Material for the task section start

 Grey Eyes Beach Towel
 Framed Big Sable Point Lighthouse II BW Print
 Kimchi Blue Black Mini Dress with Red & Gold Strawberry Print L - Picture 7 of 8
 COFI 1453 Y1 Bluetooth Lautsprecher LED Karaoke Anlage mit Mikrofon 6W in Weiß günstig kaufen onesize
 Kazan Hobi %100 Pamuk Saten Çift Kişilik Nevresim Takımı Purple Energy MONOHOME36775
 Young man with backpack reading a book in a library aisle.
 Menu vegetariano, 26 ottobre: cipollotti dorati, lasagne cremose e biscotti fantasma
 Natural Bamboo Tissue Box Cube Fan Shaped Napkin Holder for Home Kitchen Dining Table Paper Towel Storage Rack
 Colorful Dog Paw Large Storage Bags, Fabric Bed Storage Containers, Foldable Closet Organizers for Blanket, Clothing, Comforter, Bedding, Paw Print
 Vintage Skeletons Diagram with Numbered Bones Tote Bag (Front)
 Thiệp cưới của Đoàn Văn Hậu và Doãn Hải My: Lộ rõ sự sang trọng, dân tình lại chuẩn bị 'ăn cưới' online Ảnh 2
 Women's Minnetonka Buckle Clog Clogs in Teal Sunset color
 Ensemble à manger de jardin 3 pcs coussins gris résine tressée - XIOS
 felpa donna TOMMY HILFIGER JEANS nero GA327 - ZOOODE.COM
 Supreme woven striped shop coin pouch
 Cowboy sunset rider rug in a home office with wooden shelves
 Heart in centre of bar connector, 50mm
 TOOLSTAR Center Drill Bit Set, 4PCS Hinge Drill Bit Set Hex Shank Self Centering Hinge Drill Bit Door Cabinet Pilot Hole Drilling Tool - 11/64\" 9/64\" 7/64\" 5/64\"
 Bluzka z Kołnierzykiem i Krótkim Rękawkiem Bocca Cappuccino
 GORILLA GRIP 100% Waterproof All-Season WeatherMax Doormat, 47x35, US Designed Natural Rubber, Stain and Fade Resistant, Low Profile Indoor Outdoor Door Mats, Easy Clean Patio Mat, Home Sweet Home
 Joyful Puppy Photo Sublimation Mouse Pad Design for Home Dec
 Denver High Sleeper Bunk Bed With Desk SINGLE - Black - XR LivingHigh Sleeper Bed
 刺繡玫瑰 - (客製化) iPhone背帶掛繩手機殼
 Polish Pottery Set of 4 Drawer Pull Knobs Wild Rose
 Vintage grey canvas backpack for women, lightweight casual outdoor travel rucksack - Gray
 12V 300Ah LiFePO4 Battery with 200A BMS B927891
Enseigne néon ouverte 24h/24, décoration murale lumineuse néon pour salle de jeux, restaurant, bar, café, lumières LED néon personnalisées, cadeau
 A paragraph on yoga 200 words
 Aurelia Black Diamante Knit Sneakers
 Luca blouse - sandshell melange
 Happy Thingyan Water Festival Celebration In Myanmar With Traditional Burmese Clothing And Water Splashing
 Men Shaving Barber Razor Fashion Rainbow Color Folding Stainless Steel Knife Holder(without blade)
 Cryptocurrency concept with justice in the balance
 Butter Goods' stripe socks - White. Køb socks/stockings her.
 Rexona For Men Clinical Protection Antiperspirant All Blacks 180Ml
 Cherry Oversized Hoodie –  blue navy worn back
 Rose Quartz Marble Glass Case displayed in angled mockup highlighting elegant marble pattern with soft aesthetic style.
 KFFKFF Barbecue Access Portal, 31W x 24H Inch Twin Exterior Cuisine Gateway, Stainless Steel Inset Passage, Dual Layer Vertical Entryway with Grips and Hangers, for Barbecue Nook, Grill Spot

Material for the task section end

Exercise prompt:
Tally the lines of the material in which the word "Steel" appears. Output the count alone.

Exercise result:
2